# Myricia's Lawn Renovation (Monaco Bermuda)



## Myricia (Apr 19, 2018)

Finally time to renovate my lawn. With all the stuff that has happened this year sadly I couldn't sprig with tiftuf like originally planned. I ended up getting some monaco bermuda seed and decided to take that route. Heres the journey so far.

Friday 6/14/18 right before Harley raking.


----------



## Myricia (Apr 19, 2018)

6/15/19 After Harley raking finally almost there. :thumbup: Installed seed later this day.

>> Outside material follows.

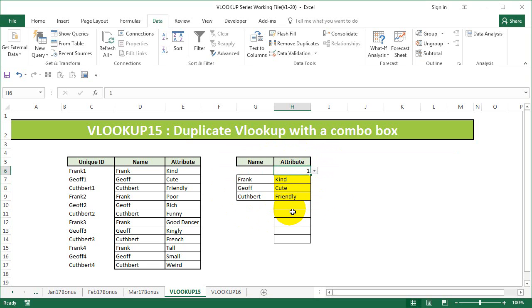This is another way to display the values of the duplicate VLOOKUP. The ninth video has a different view altogether. Hope you enjoyed this video. Thank you for watching.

6/16/19 Right after a huge 10 minute downpour not sure of how much rain dropped as my rain guage fell over. I think I'm gonna be sick  





*Update asked a neighbor her rain guage shows a little over 1/2"


----------



## Buffalolawny (Nov 24, 2018)

Rain may have helped flatten the ground for you


----------



## Myricia (Apr 19, 2018)

Finally getting some small germination. Hoping the chance of severe weather in my area doesn't screw anything up tonight.


----------



## Myricia (Apr 19, 2018)

Day 9 - 6/24/19 I've been really happy with the germination considering all the hard rains we have gotten here the past week or so.


----------



## Myricia (Apr 19, 2018)

6-27-19 everything in the front yard is coming in great.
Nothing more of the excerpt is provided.